When it comes to your smartphone and tablet, one of the main threats is malware hidden inside apps; even apps you download from the official Apple or Android stores. According to Proofpoint, “2015 witnessed several watershed moments in mobile app security, chief among them the disclosure of XcodeGhost for iOS and the Stagefright vulnerability for Android.” Don’t worry about what those names mean, the point is that mobile security became a major issue in 2015. What’s more, Proofpoint predicts an increase in app store malware in 2016.

What can you do to protect yourself? The simple advice is keep your apps up-to-date and upgrade your OS when your phone tells you to.


With the advent of wearable technology – such as the Apple Watch or a Fitbit – cybersecurity must now cover your body too. Not only that, but much of the data that wearables provide is of the most personal kind possible: your health. So you want to be sure it’s not compromised. Jacob West, chief architect for security products at NetSuite, published a report on the security of wearables in February. The threats identified include rewriting health data on a device, spoofing data uploads using a known device or user identifier, and the unintentional revealing of sensitive data.

While the report is aimed at producers of wearable technology, to ensure they safeguard their users, Jacob West says that security “is a concern that consumers should be aware of and educated about” too. So make sure you follow normal Internet security processes with wearables – such as using a password manager, like 1password – and read the privacy policy for the device.
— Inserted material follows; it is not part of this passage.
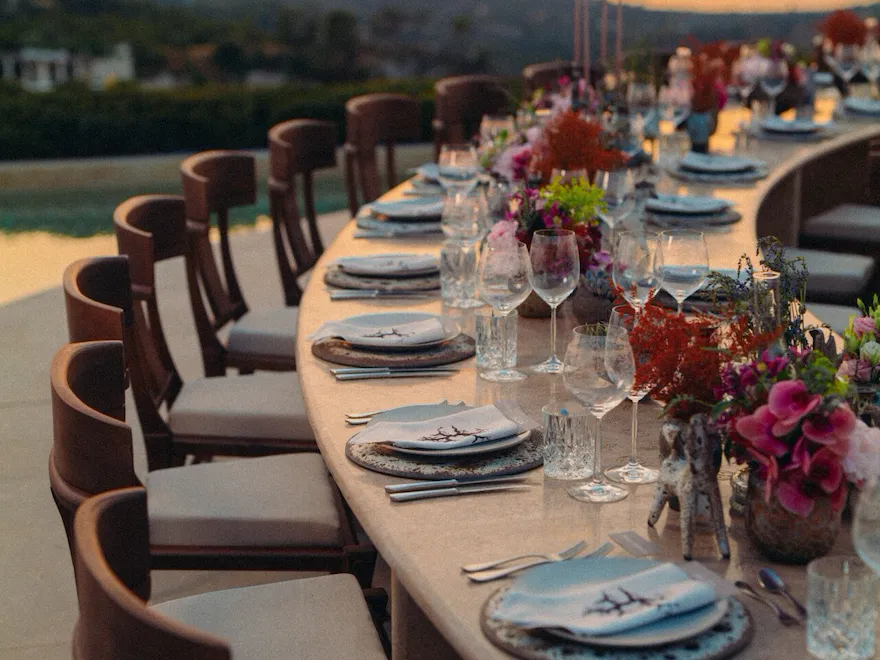 Élégant décor pour un dîner en plein air avec une longue table, ornée de fleurs colorées et d'une vaisselle raffinée, avec en toile de fond un coucher de soleil éclatant sur les collines vallonnées.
Smart Home / Internet of Things

With the number of Internet connected devices increasing at an exponential rate in the world, security is a primary concern. As just one example, it could be disastrous if your car got hacked. An Intel report from last year listed “malware, trojans, buffer overflow exploits, and privilege escalation” as threats to Internet-connected cars.

The problem with personal cybersecurity for smart homes and IoT is that you’re reliant on organisations – like the car companies – to protect you. Worse, as Paul Adams from Alcatel-Lucent noted, the Internet of Things (IoT) “lacks a common set of standards and technologies – and commonality is usually central to the approach of security systems.”

While we wait for security standards to emerge for the IoT, all we can do is stay vigilant and hold organisations accountable for securing their products. For example, Google’s Nest product has a webpage that outlines its security policy and what it does to protect consumers. At the very least, all organisations that deploy smart home and IoT products should have an information page like that. If a product you’re considering buying doesn’t have a visible security policy, then caveat emptor applies.


The key learning from this article is that it’s critical that you take an active interest in ensuring the Internet products you use are safe and secure. As noted in the smart home / IoT section, sometimes security is outside of your control. But you should at least be aware of the risks and hold the device makers (or service providers) responsible for security.

The good news is that the big companies – like Google, Apple and Microsoft – are generally vigilant about security for their users. To the point of not even letting the government in! But when it comes to personal cybersecurity, the weakest link is usually the end user. So protect yourself too.